Many countries have at least one flagship grape variety. Greece has assyrtiko, Hungary furmint, Germany riesling, Austria gruner veltliner and so on, until you get to the likes of France, Italy and Spain, which have a multitude of signature varietals depending on the region.
The grapes mentioned above are all fairly well-known, but things get tricky when it comes to countries less famed for wine. For example, can you think of any candidates for Romania’s signature variety?
I would have been stumped until a few weeks ago, when I was alerted to feteasca neagra, a red-grape variety which was praised by a wine enthusiast friend after he tasted his way through several bottles while on holiday in Romania. His excitement for the variety was such that I decided to take a closer look.
Of Romania’s 188,000 hectares under vine (the fifth-largest total for a European country), feteasca neagra, which means ‘black girl’, contributes just 3,316ha of that total, which at first glance doesn’t make it flagship material. However, of Romania’s vast area under vine, 83,000ha are classed as ‘interspecific hybrid’ on winesofromania.com, a legacy of the country’s communist past when quantity was prioritised over quality.

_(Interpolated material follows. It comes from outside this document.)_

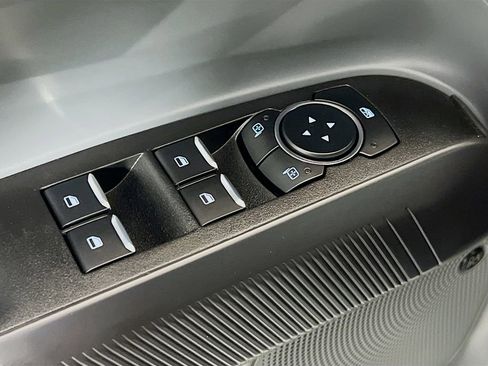 New 2026 Ford Maverick Lariat w/ Black Appearance Package image 12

In fact, of vitis vinifera plantings, Feteasca Neagra is the most-grown indigenous black variety, accounting for more hectares than pinot noir (2,028ha), but less than cabernet sauvignon (5,344 ha) and merlot (10,994ha).

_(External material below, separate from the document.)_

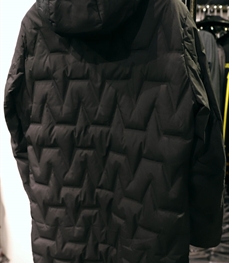 市场上装-棉衣/羽绒服-时尚男装棉服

Plantings are growing (the total stood at 2,500ha about ten years ago) as the grape’s potential is being recognised, and Caroline Gilby MW, an expert in Eastern European wine and author of The wines of Bulgaria, Romania and Moldova, told me: “Feteasca Neagra is becoming Romania's red flagship variety. It is now grown in almost every region and showing itself capable of good to exciting wines, which are able to show a sense of place.
“It offers something different for anyone bored of the usual - producing richly flavoured, bold wines with real personality - bramble, black cherry and cloves in particular and complexity. The best can age well too.”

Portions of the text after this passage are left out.